La notion de vulnérabilité ne constitue nullement une innovation de la loi déférée, mais présente classiquement le caractère d'une circonstance aggravante pour de nombreuses incriminations pénales, par exemple pour le meurtre (art. 221-4 du code pénal), les tortures ou actes de barbarie (art. 222-3 et 222-4 du code pénal), les violences (art. 222-8, 222-10, 222-12, 222-13, 222-14 du code pénal), le viol (art. 222-24 du code pénal), les agressions sexuelles (art. 222-29 du code pénal), le vol (311-4 du code pénal), l'extorsion de fonds (312-2 du code pénal), ou l'escroquerie (313-2 du code pénal).
VII/ Sur l'article 51
A/ L'article 51 de la loi pour la sécurité intérieure vise, en complétant l'article 225-10 du code pénal, à réprimer le fait de vendre, de louer ou de tenir à la disposition d'une ou plusieurs personnes des véhicules de toute nature en sachant qu'elles s'y livreront à la prostitution.
Les auteurs des saisines critiquent cette disposition en soutenant qu'elle méconnaîtrait la liberté individuelle, le principe de dignité de la personne humaine et le principe de nécessité des peines et porterait, en outre, atteinte à la liberté d'entreprendre.
B/ Cette argumentation ne peut qu'être écartée.
Il importe de souligner que la disposition critiquée n'a, contrairement à ce qui est soutenu, ni pour objet ni pour effet d'interdire aux personnes se livrant à la prostitution d'acquérir ou de détenir un véhicule. Elle vise à incriminer les personnes qui mettent des véhicules à la disposition des prostitués en connaissance de cause, sachant que les prostitués se serviront de ces véhicules pour se livrer à la prostitution. Des dispositions de cet ordre, figurant à l'article 225-10 du code pénal précisément complété par l'article critiqué, répriment déjà des formes particulières de proxénétisme comme le proxénétisme hôtelier.

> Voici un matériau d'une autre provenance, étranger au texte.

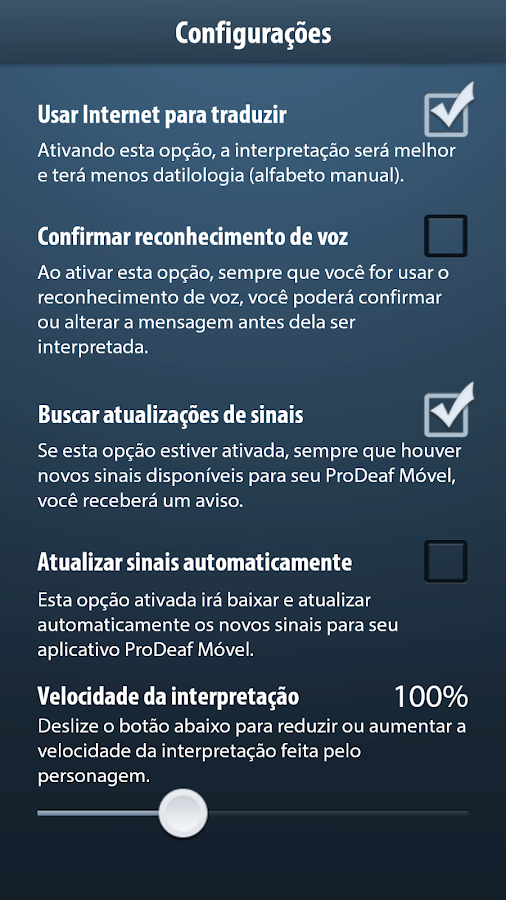 ProDeaf Tradutor para Libras - screenshot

Dans le cadre de son pouvoir d'appréciation, le législateur a estimé devoir réprimer spécifiquement ces comportements en raison de l'évolution constatée des phénomènes de prostitution. Il faut savoir que la mise à disposition de véhicules constitue aujourd'hui, dans certaines parties du territoire national, une forme de proxénétisme particulièrement développée et en constante augmentation. Il est apparu indispensable au législateur, afin qu'une lutte efficace puisse être menée contre ces pratiques, d'assimiler cette forme de délinquance à celles qualifiées de proxénétisme hôtelier. Des peines de dix ans d'emprisonnement et de 750.000 euros d'amende assureront ainsi, comme en matière de proxénétisme hôtelier, une dissuasion et une répression que n'autorisaient pas les dispositions générales réprimant le proxénétisme simple prévoyant cinq ans d'emprisonnement et 150.000 euros d'amende (art. 225-5 du code pénal).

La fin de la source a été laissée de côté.